Barry Larkin (No. 4) will play shortstop and bat lead-off for the Cincinnati Reds, giving him an opportunity for stardom that he never got with the Olympic team. Back then he was a utilityman behind Alfaro and Gary Green, who had a cup of coffee with the San Diego Padres. Larkin is still irked about his role as an Olympian. "I guess it was a learning experience," he says. "Call it humility." So taught, Larkin still had trouble returning to Michigan for his junior year. "After the Olympics, I thought. Shoot, let's get going," he says.
Chris Gwynn (No. 10), the kid brother of Padre star Tony, is getting a lesson in mathematics from the Los Angeles Dodgers. As they add free-agent outfielders, Gwynn's chances lessen. "When I get that moment to put up some numbers," Chris vows, "I'm going to take advantage of it."
The Ace. In the Olympic finale against Japan on Aug. 7, Dedeaux gave his No. 1 starter the ball. With a big leaguer's curve and a bulldog's tenacity, Hoover had set NCAA career records for complete games in a season (19) and a career (42). "I didn't blow anybody away," he says, "but I could pitch a little bit." The Baltimore Orioles made him their top choice (25th overall) in the 1984 draft and offered him a signing bonus of about $60,000. But Hoover held out for the $100,000-plus he knew his fellow first-rounders on the Olympic team got.
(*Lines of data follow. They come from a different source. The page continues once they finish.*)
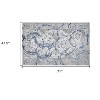 HomeRoots 4' X 6' Blue and Gray Abstract Area Rug - 3 of 4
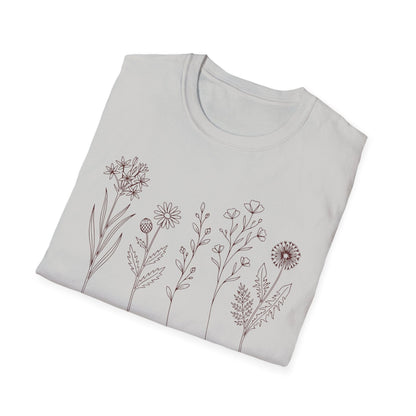 Minimal Wildflower Line Art Shirt | Botanical Sketch Floral Graphic Tee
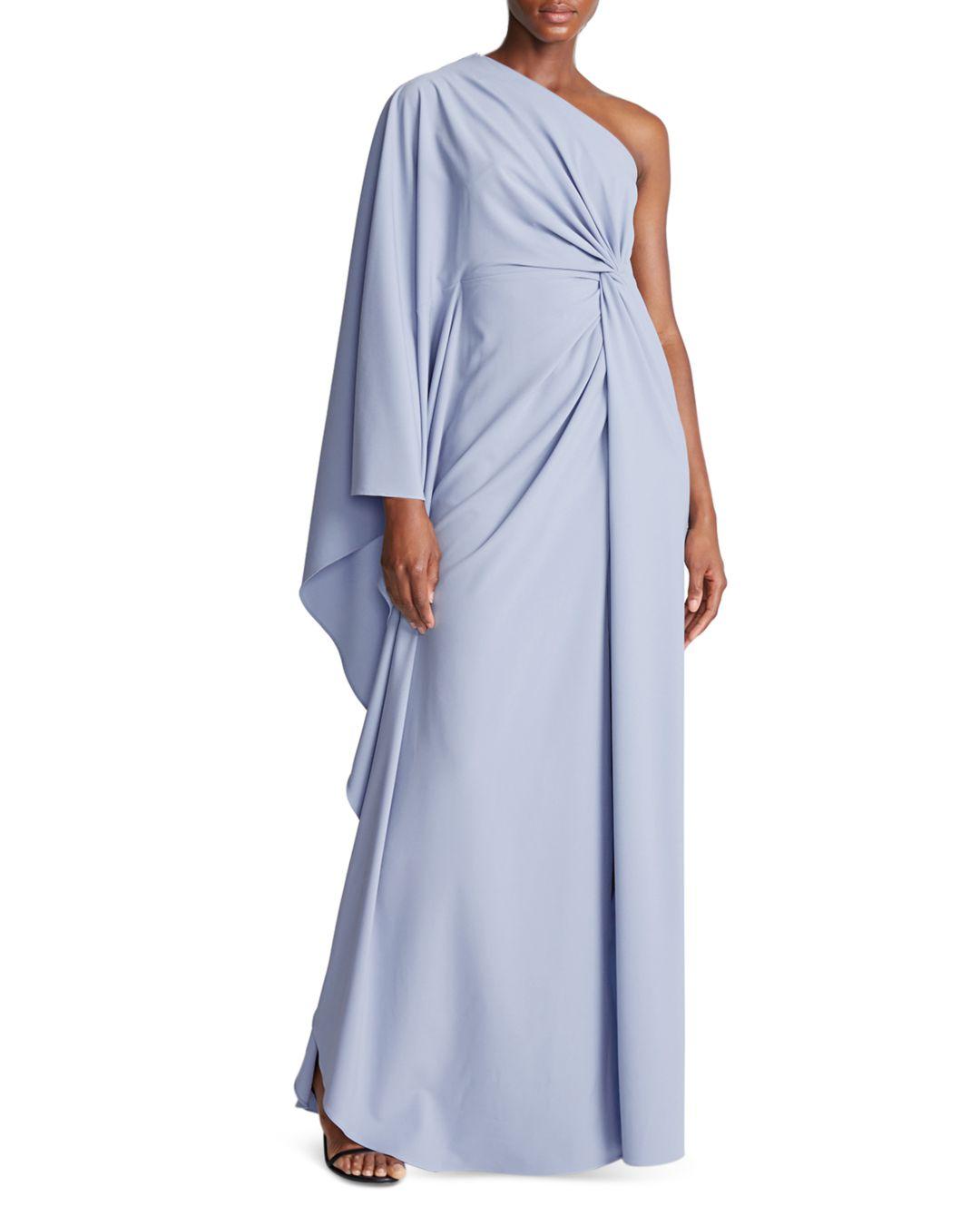 Halston Ariella One Shoulder Draped Gown in Blue | Lyst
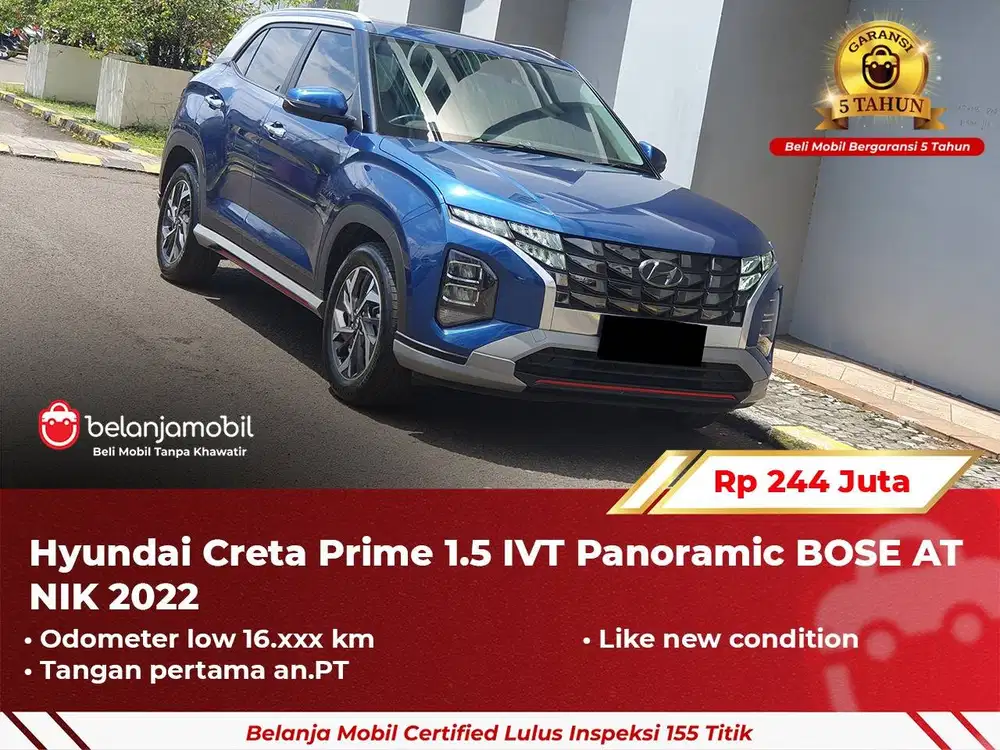 [ GARANSI 5TH ] Hyundai Creta Prime 1.5 IVT Panoramic BOSE 2022/2023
In the U.S. team's Olympic opener, he beat Chinese Taipei 2-1; the next day the Orioles upped their offer to six figures.
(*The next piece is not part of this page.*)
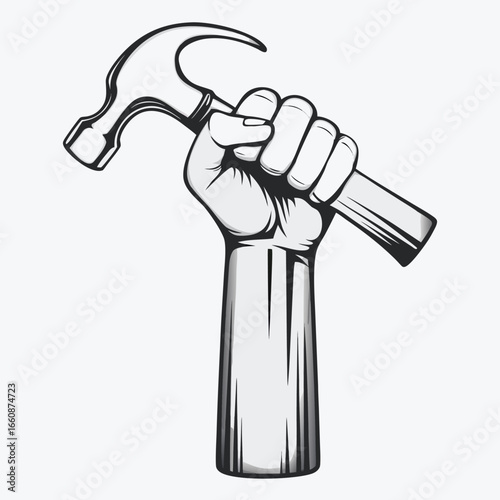 A hand holding a hammer in a fist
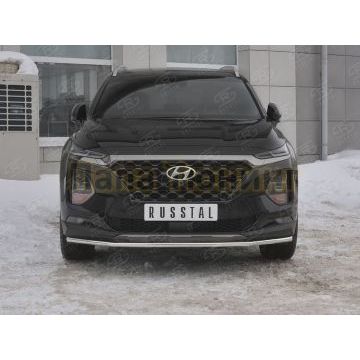 Защита переднего бампера d42 секции РусСталь для Hyundai Santa fe 2018-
On the hill for the gold before 55,235 fans, Hoover hung an eighth-inning curve to Katsumi Hirosawa, who belted a three-run homer to put Japan ahead 6-1. The Olympic experience took a toll on Hoover's right arm: In an 18-month period beginning with his junior season at Fresno State and ending after his first pro season at Triple A Rochester, he threw more than 400 innings. His fastball slowed slightly, and he slipped to Class AA, then to Class A, before winding up back in AA last year.
Hoover, now 25, tried to make the Montreal Expos this spring. Sitting in front of his locker, squirting tobacco juice into a cup, he was optimistic. "There are dreams you grow up with—your first major league win, pitching in an All-Star Game or World Series," he said. "Those are still dreams to me. But another dream came true in the middle of it all, and that one will never be beat. If I had to do it again, even if I knew it would give me problems, I wouldn't hesitate. I enjoyed every second of that Olympic team." Montreal sent Hoover to the minors in March.
Most of the Olympians, even Clark and McGwire, won't reach their prime for another quadrennium. Pat Pacillo, who's now with the Reds, speaks for a lot of his Olympic teammates and perhaps for some baseball fans when he muses from time to time. "If only we could put that team back together...."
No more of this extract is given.